* **What to produce**
Could you report every line from the entries that includes the word "their"?

* **Study material**

══════════

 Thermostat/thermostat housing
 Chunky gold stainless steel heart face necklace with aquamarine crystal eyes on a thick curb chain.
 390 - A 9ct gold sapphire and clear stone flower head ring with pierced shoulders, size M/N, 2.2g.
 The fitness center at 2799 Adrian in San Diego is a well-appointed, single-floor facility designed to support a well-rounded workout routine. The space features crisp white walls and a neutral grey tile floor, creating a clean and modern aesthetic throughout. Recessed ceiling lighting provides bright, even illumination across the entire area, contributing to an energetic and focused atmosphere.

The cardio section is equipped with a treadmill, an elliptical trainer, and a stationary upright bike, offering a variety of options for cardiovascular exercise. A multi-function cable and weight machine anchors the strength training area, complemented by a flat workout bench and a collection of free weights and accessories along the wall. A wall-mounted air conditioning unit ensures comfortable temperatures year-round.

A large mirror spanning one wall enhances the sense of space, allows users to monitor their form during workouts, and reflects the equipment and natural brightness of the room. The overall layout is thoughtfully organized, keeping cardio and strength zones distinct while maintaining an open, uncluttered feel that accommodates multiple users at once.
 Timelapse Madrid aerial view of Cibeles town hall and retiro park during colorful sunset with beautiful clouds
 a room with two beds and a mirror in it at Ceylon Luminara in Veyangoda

══════════

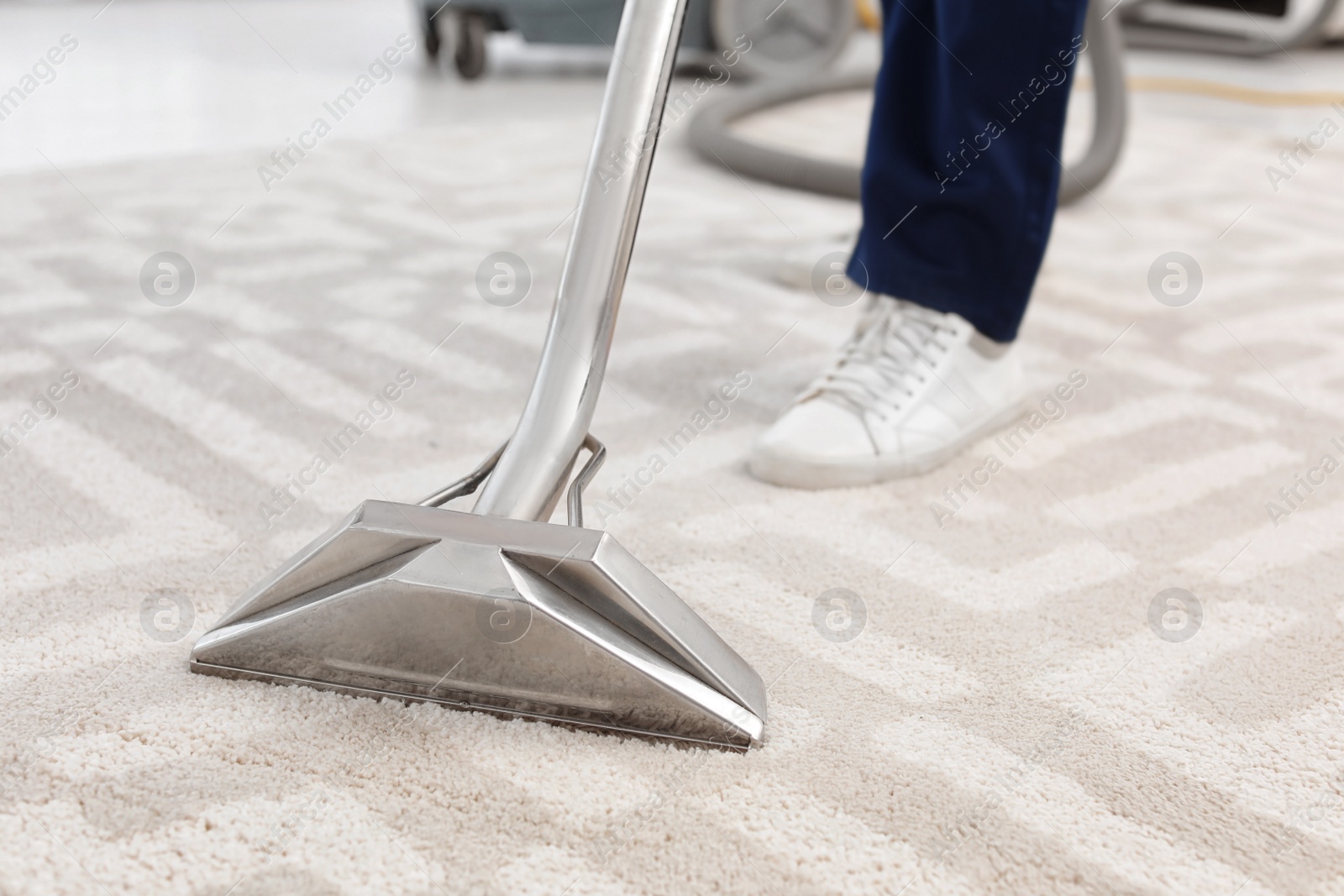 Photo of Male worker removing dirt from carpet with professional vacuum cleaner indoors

══════════

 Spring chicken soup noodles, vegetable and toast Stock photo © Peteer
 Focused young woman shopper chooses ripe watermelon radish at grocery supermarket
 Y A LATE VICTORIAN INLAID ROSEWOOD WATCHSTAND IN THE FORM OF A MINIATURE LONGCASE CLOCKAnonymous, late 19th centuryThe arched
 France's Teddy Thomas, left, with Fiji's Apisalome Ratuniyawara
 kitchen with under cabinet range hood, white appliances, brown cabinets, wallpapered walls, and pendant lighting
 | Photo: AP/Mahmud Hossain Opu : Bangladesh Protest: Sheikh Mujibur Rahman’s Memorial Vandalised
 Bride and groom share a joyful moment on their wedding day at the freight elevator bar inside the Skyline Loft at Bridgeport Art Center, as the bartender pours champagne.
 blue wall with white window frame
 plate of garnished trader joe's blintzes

══════════

* **Answer section**
A large mirror spanning one wall enhances the sense of space, allows users to monitor their form during workouts, and reflects the equipment and natural brightness of the room. The overall layout is thoughtfully organized, keeping cardio and strength zones distinct while maintaining an open, uncluttered feel that accommodates multiple users at once.
 Bride and groom share a joyful moment on their wedding day at the freight elevator bar inside the Skyline Loft at Bridgeport Art Center, as the bartender pours champagne.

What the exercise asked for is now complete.